**Assigned task:** Without the pictures, write out every entry that follows exactly.

(Short descriptive text snippets)
# # # # #

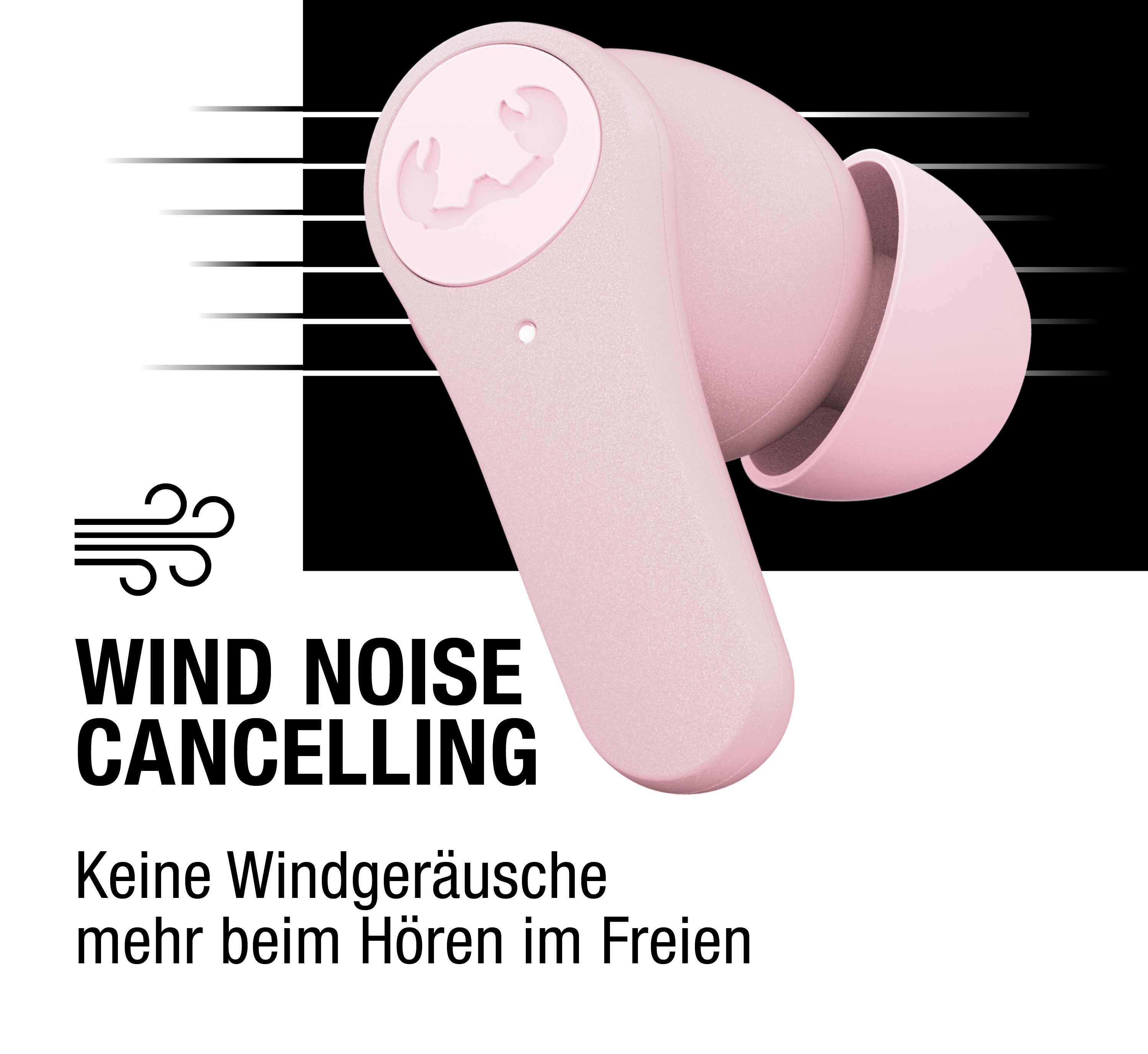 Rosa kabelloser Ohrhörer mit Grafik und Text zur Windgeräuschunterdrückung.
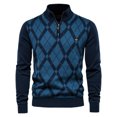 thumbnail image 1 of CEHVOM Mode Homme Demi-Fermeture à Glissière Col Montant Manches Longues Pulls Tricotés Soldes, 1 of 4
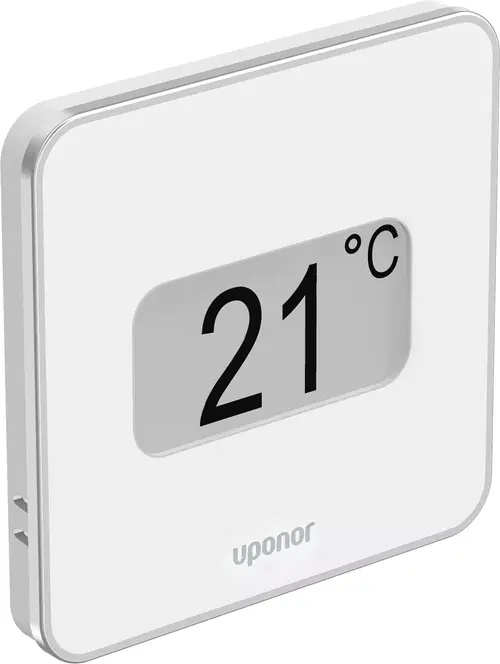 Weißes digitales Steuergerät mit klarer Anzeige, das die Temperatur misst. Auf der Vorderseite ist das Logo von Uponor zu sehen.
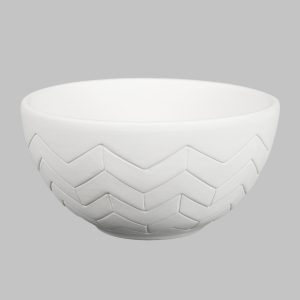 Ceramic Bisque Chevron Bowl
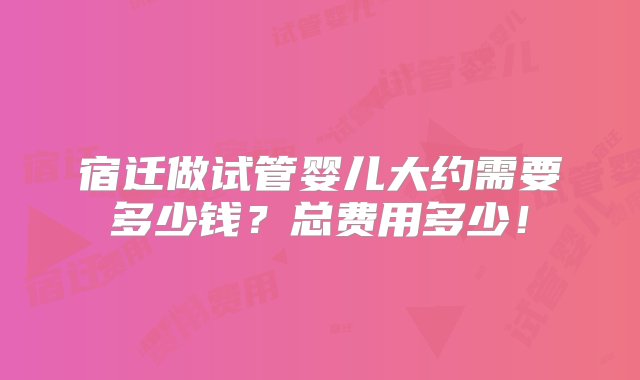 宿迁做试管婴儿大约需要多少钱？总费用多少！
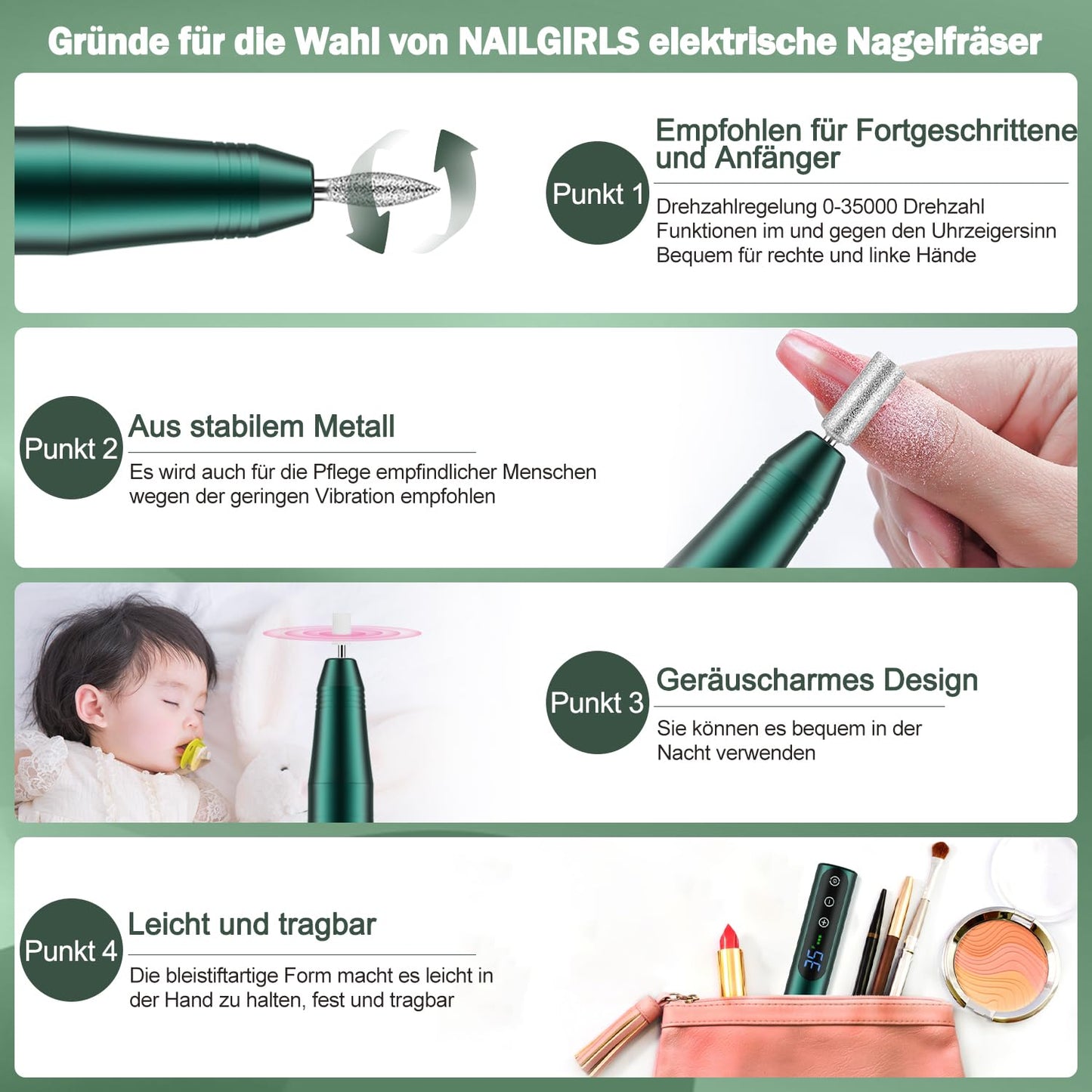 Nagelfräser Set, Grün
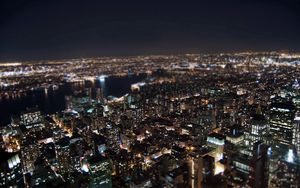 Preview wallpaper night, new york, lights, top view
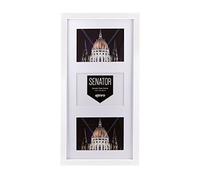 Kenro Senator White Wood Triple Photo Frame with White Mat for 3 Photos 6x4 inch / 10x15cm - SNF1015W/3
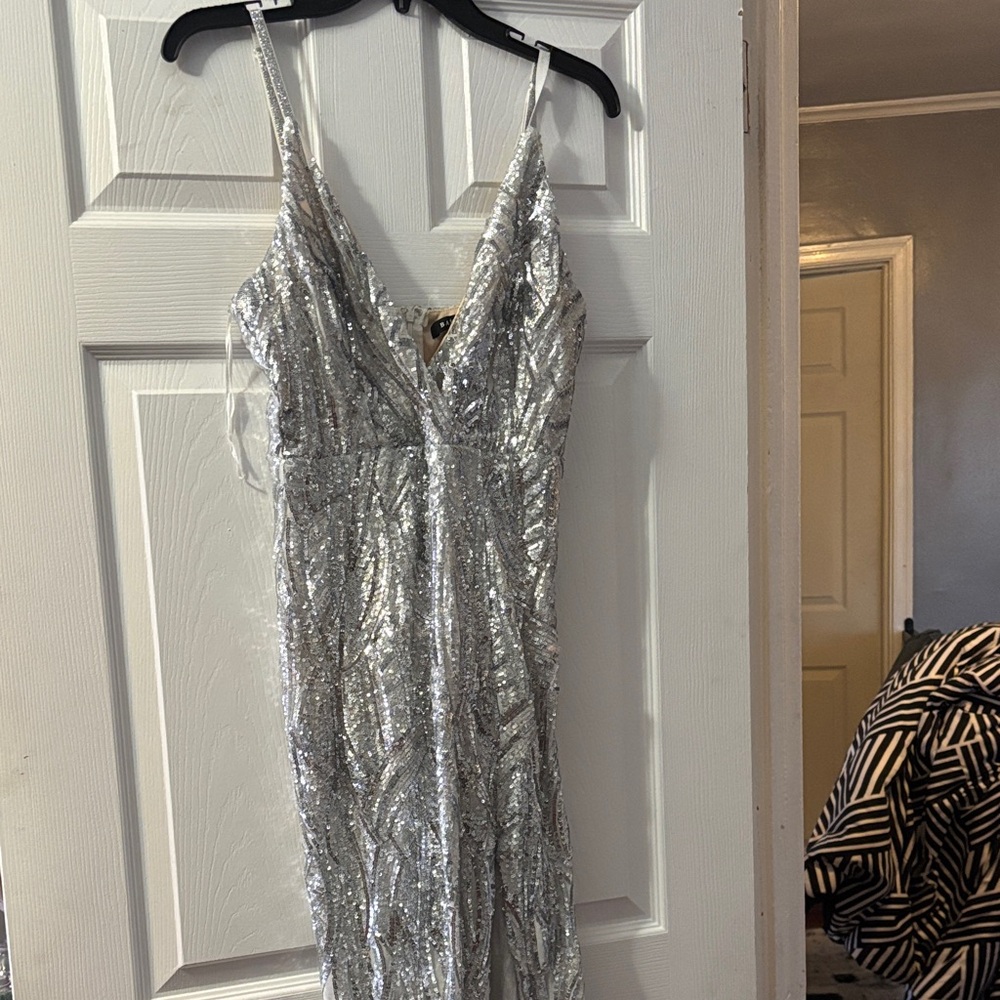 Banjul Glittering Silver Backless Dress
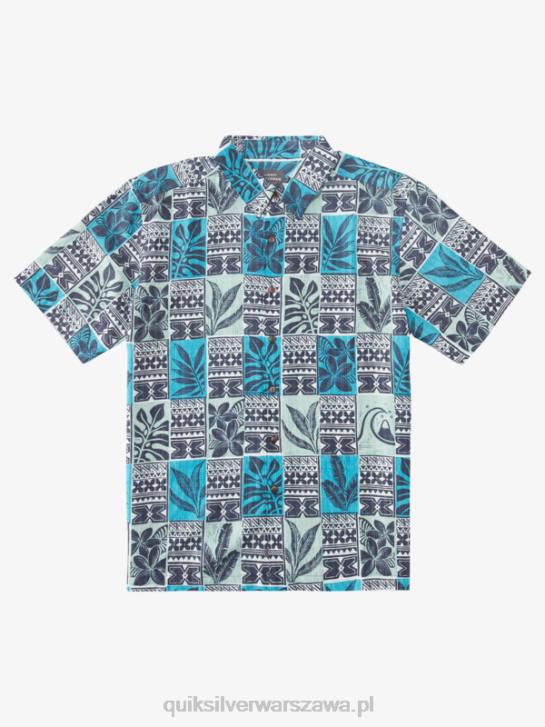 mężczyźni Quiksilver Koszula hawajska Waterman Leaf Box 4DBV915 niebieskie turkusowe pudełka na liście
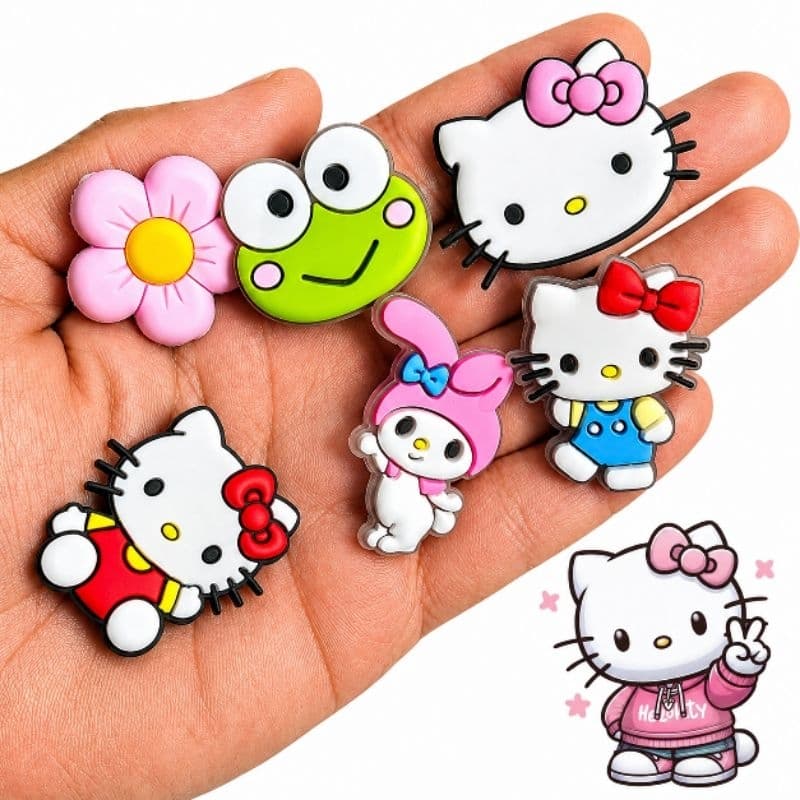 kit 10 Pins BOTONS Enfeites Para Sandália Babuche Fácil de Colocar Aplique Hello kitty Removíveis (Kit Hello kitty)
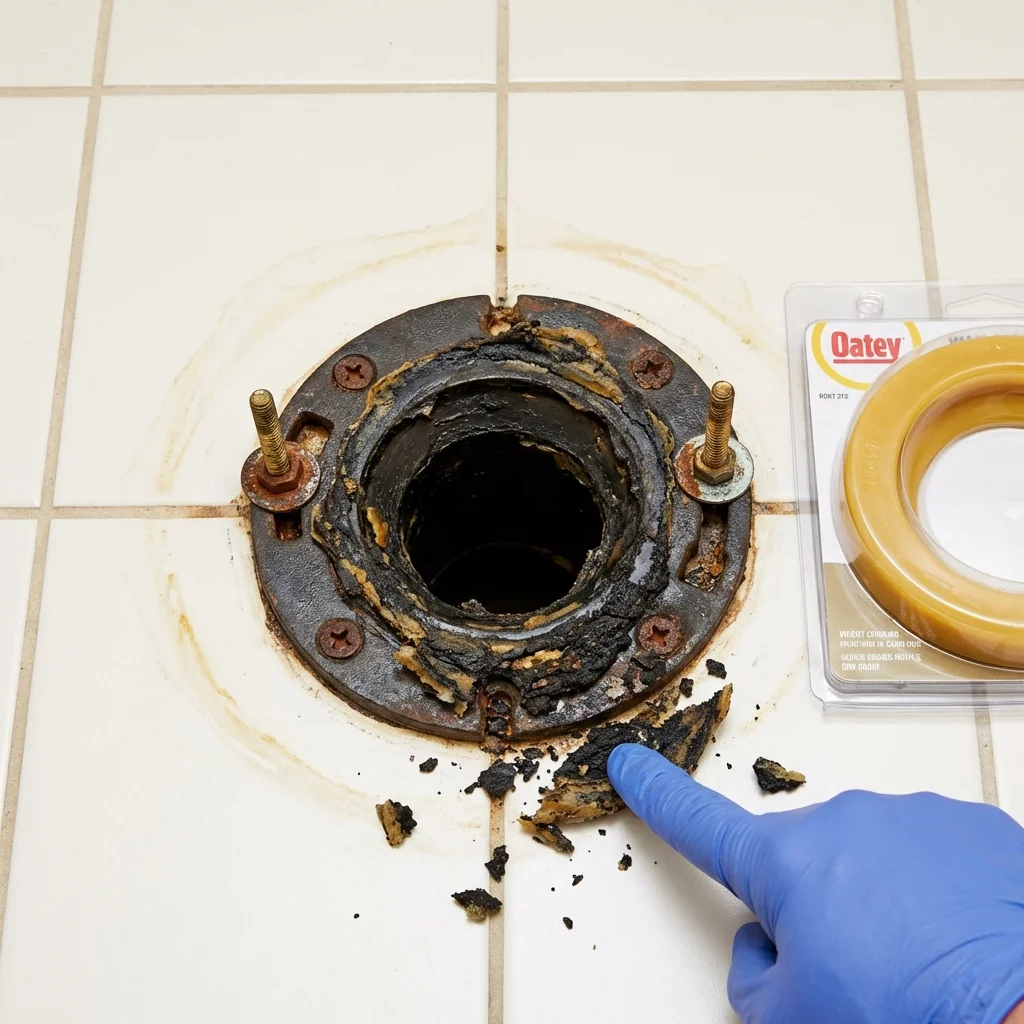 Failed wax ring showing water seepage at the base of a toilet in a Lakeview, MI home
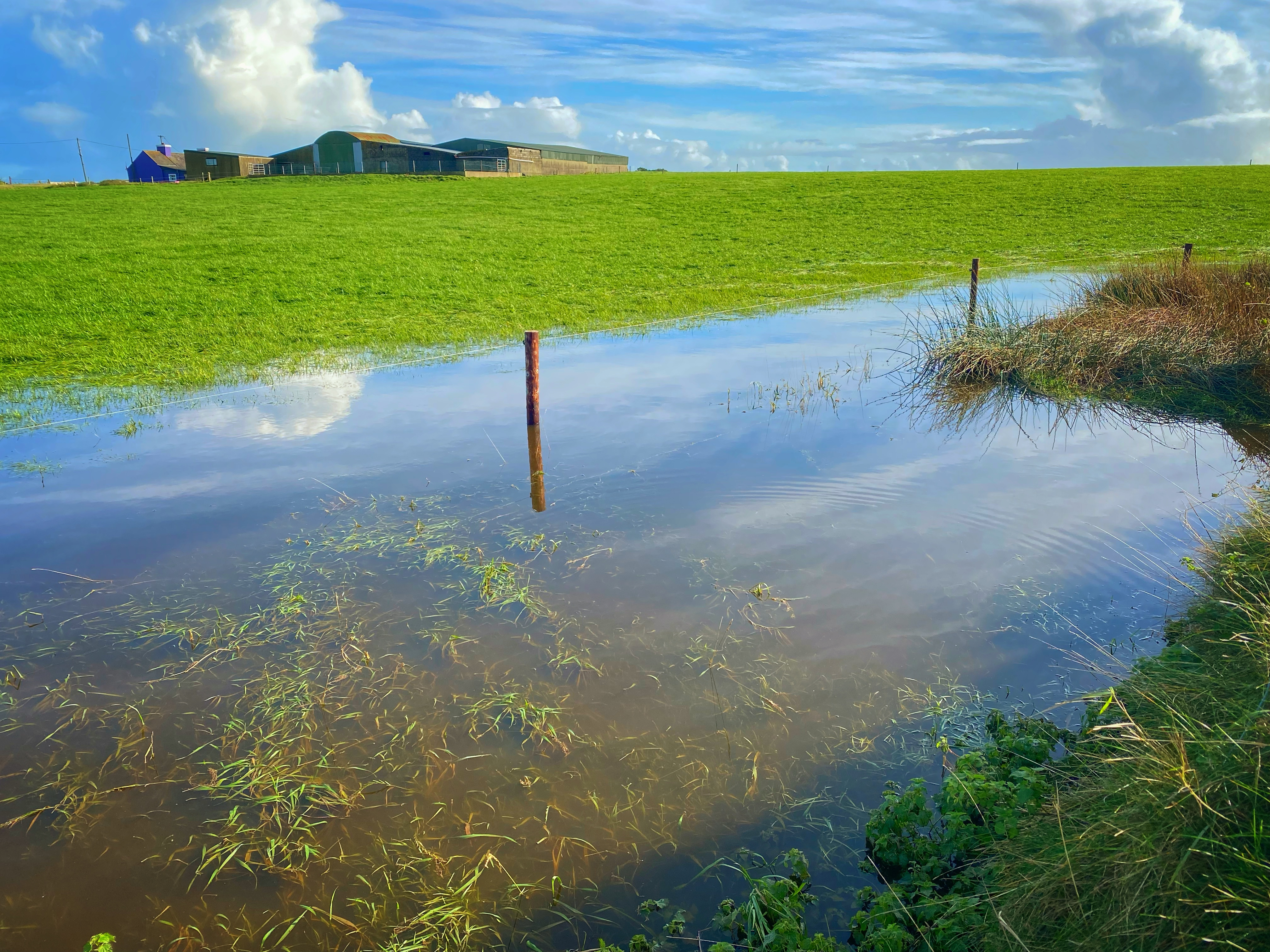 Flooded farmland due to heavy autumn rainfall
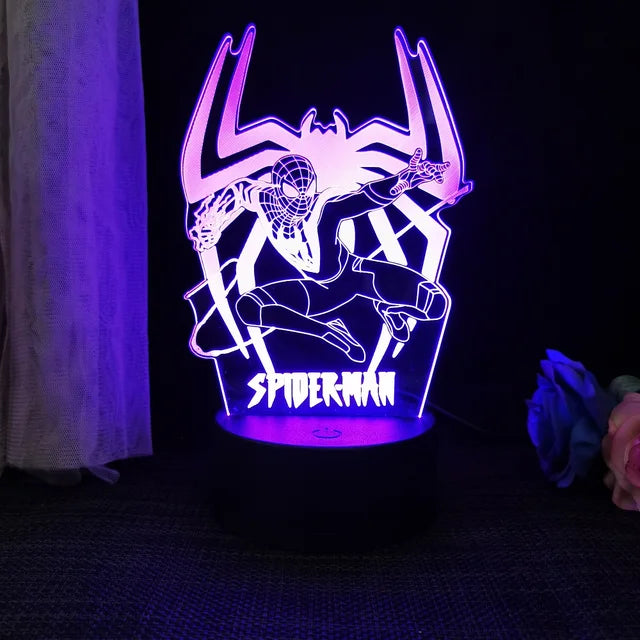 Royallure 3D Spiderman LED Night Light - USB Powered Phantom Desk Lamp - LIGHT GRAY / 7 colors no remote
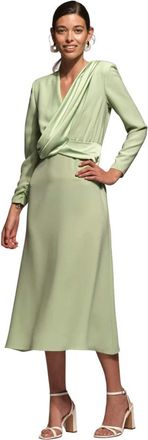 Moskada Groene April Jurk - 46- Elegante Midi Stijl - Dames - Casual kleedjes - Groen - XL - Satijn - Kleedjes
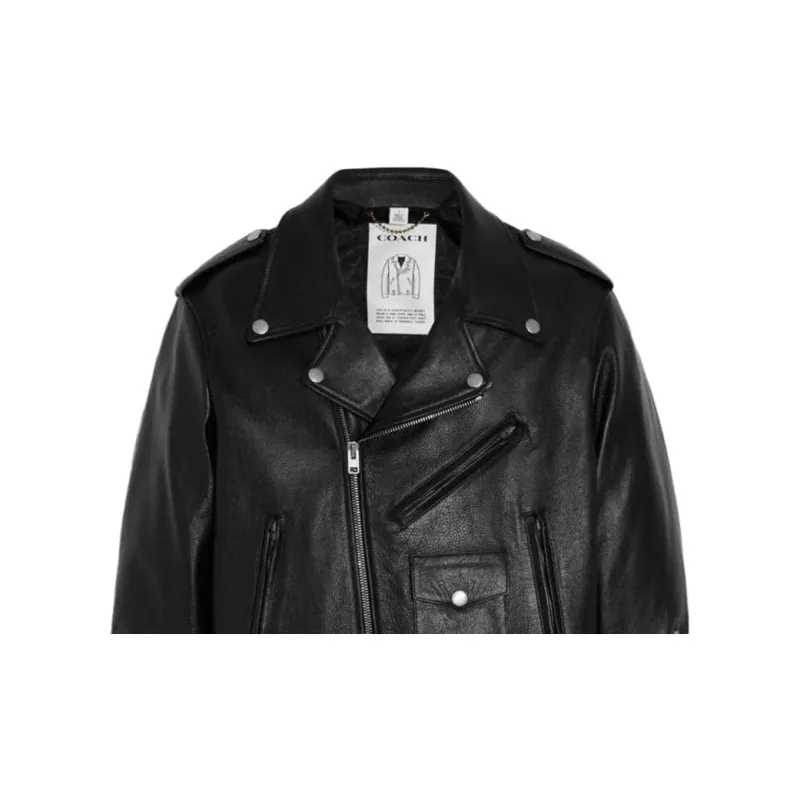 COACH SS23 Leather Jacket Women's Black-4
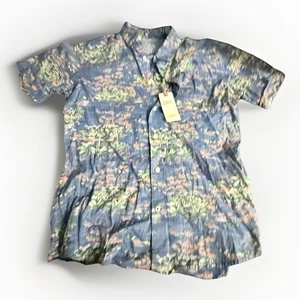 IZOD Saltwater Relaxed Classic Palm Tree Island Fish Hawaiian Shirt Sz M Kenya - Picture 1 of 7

# # # # #

**Answer to the exercise:**
 Rosa kabelloser Ohrhörer mit Grafik und Text zur Windgeräuschunterdrückung.
 thumbnail image 1 of CEHVOM Mode Homme Demi-Fermeture à Glissière Col Montant Manches Longues Pulls Tricotés Soldes, 1 of 4
 Weißes digitales Steuergerät mit klarer Anzeige, das die Temperatur misst. Auf der Vorderseite ist das Logo von Uponor zu sehen.
 Ceramic Bisque Chevron Bowl
 宿迁做试管婴儿大约需要多少钱？总费用多少！
 Nagelfräser Set, Grün
 Preview wallpaper night, new york, lights, top view
 Kenro Senator White Wood Triple Photo Frame with White Mat for 3 Photos 6x4 inch / 10x15cm - SNF1015W/3
 Banjul Glittering Silver Backless Dress
 mężczyźni Quiksilver Koszula hawajska Waterman Leaf Box 4DBV915 niebieskie turkusowe pudełka na liście
 kit 10 Pins BOTONS Enfeites Para Sandália Babuche Fácil de Colocar Aplique Hello kitty Removíveis (Kit Hello kitty)
 Failed wax ring showing water seepage at the base of a toilet in a Lakeview, MI home
 Flooded farmland due to heavy autumn rainfall
 Royallure 3D Spiderman LED Night Light - USB Powered Phantom Desk Lamp - LIGHT GRAY / 7 colors no remote
 Moskada Groene April Jurk - 46- Elegante Midi Stijl - Dames - Casual kleedjes - Groen - XL - Satijn - Kleedjes
 COACH SS23 Leather Jacket Women's Black-4
 IZOD Saltwater Relaxed Classic Palm Tree Island Fish Hawaiian Shirt Sz M Kenya - Picture 1 of 7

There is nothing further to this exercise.